## What the exercise asks
Each line of the entries below that holds "Meet" is needed, copied in full.

◆ ◆ ◆ ◆

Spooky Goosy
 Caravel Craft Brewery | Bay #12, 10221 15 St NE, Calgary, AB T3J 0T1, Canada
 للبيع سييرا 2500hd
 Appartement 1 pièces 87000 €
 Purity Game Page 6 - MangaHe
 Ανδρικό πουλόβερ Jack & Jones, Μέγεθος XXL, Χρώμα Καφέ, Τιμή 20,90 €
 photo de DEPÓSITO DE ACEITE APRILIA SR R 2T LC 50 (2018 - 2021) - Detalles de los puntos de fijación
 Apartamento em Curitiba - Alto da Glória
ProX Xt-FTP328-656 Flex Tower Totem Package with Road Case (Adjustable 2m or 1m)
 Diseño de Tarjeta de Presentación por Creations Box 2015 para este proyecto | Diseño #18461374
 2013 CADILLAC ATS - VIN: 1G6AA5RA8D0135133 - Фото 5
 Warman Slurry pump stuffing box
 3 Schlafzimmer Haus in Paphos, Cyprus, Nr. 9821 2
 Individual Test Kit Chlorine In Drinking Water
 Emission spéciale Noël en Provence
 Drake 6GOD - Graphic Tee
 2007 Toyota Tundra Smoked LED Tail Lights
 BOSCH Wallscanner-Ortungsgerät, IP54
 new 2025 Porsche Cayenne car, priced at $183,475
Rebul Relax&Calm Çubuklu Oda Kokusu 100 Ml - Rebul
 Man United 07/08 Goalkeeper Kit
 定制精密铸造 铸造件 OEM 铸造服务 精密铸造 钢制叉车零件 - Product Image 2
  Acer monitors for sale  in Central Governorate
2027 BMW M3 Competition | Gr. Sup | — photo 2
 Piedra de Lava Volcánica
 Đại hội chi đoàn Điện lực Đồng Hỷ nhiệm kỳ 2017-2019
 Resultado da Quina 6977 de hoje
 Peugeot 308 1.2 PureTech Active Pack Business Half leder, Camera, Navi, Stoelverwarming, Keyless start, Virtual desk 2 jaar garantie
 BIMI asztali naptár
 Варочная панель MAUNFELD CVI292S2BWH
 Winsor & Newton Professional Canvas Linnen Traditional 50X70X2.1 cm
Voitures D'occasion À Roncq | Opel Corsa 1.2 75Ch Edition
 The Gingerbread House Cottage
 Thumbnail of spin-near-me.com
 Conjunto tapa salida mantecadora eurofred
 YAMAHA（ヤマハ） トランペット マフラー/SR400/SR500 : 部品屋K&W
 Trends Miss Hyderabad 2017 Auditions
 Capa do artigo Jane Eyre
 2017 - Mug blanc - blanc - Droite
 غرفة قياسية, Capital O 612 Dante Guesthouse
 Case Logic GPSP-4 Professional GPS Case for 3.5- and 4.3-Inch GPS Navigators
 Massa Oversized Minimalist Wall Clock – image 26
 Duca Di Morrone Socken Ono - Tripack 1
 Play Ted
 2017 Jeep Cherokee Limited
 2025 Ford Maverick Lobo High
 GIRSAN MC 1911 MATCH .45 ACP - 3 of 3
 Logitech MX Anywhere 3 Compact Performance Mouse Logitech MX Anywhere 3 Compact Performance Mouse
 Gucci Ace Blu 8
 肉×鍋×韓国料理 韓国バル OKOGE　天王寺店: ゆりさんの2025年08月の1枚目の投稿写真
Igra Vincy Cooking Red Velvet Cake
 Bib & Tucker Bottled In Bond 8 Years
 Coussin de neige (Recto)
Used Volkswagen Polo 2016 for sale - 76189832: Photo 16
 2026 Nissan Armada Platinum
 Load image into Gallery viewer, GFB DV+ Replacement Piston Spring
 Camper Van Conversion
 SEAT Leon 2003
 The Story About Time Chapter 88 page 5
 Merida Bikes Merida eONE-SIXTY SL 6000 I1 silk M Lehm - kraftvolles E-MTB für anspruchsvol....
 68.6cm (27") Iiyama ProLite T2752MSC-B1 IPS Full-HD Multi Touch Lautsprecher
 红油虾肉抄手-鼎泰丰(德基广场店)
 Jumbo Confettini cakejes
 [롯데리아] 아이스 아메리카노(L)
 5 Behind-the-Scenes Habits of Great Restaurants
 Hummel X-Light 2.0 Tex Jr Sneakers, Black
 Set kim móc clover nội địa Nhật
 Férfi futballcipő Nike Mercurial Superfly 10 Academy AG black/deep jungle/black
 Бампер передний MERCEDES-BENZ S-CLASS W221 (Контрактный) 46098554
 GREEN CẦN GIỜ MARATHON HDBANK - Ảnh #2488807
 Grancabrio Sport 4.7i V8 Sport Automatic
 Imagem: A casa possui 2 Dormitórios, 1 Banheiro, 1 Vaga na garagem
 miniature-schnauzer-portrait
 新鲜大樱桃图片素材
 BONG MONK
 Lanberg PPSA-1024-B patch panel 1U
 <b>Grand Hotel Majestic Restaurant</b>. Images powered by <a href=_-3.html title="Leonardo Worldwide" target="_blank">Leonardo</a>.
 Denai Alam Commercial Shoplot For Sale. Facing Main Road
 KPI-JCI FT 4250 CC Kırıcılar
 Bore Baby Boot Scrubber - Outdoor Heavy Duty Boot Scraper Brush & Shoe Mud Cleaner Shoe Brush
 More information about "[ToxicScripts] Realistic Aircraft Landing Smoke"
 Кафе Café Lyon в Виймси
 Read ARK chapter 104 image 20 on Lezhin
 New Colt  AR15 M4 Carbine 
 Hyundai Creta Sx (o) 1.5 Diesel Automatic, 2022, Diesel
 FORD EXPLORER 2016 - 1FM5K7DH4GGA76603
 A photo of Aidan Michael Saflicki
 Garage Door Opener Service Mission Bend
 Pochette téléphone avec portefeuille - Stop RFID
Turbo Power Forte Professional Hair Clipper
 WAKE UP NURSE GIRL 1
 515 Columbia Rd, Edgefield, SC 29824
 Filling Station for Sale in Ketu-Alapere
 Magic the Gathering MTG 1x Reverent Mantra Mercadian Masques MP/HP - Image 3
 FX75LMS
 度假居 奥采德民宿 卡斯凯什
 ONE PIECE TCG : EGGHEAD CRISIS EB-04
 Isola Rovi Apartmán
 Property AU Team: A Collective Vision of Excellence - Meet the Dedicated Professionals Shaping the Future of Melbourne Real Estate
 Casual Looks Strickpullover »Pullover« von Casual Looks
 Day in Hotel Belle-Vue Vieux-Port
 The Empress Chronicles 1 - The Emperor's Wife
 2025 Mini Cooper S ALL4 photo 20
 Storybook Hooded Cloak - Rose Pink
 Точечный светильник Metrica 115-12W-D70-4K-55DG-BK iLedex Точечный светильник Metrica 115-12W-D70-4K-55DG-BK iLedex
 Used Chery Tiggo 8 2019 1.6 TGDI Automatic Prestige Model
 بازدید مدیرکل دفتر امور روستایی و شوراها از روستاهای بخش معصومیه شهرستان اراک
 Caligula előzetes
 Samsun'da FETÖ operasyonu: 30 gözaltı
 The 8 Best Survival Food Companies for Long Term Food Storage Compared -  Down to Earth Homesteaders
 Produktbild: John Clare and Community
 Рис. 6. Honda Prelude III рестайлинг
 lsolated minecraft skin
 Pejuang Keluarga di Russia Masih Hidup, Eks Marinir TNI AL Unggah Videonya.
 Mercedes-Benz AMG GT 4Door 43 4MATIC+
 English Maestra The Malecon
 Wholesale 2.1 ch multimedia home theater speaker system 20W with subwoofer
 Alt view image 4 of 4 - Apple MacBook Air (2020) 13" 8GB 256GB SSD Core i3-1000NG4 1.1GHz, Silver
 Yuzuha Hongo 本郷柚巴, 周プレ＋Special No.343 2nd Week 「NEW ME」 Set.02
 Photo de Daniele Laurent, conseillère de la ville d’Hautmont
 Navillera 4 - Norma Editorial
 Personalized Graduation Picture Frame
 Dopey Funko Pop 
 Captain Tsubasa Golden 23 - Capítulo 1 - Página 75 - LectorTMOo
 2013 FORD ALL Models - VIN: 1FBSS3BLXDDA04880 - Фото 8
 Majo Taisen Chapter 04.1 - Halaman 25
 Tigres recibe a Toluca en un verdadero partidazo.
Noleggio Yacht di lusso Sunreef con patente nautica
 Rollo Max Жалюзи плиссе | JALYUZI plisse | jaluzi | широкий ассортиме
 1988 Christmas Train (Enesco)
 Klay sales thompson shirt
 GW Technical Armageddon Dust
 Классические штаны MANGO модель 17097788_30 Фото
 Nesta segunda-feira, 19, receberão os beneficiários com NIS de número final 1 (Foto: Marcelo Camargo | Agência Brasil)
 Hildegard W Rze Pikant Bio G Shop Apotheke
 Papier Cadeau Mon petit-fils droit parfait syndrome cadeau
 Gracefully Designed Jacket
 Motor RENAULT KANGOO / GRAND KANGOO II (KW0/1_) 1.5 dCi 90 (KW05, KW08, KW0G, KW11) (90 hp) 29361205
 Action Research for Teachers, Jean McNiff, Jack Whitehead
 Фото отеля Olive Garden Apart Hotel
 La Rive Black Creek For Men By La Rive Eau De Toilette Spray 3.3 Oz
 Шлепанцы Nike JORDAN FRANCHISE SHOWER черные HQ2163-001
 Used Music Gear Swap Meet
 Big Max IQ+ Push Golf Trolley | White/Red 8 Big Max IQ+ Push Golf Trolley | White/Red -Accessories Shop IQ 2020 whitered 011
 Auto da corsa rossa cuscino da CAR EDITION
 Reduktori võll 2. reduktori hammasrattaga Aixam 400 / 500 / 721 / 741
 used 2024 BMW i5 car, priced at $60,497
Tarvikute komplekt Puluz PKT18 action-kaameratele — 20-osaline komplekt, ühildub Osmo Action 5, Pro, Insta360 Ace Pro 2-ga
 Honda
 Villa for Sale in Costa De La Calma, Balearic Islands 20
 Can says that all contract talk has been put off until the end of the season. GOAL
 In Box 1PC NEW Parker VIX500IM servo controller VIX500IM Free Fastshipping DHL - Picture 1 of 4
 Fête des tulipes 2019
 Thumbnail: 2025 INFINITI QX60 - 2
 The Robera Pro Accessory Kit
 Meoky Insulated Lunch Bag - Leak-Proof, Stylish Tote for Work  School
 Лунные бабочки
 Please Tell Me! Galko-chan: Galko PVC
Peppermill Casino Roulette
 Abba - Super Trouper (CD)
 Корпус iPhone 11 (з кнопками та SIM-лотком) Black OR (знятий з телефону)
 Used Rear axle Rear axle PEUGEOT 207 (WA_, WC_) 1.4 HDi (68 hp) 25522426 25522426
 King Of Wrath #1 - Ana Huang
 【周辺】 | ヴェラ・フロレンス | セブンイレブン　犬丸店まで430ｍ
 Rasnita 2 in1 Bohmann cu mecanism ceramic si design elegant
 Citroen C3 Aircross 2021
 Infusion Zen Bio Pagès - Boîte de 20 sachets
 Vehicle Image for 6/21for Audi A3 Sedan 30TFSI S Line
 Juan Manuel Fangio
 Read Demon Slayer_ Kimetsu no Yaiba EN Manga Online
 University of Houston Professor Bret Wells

◆ ◆ ◆ ◆

## Solution for this task
 Property AU Team: A Collective Vision of Excellence - Meet the Dedicated Professionals Shaping the Future of Melbourne Real Estate
 Used Music Gear Swap Meet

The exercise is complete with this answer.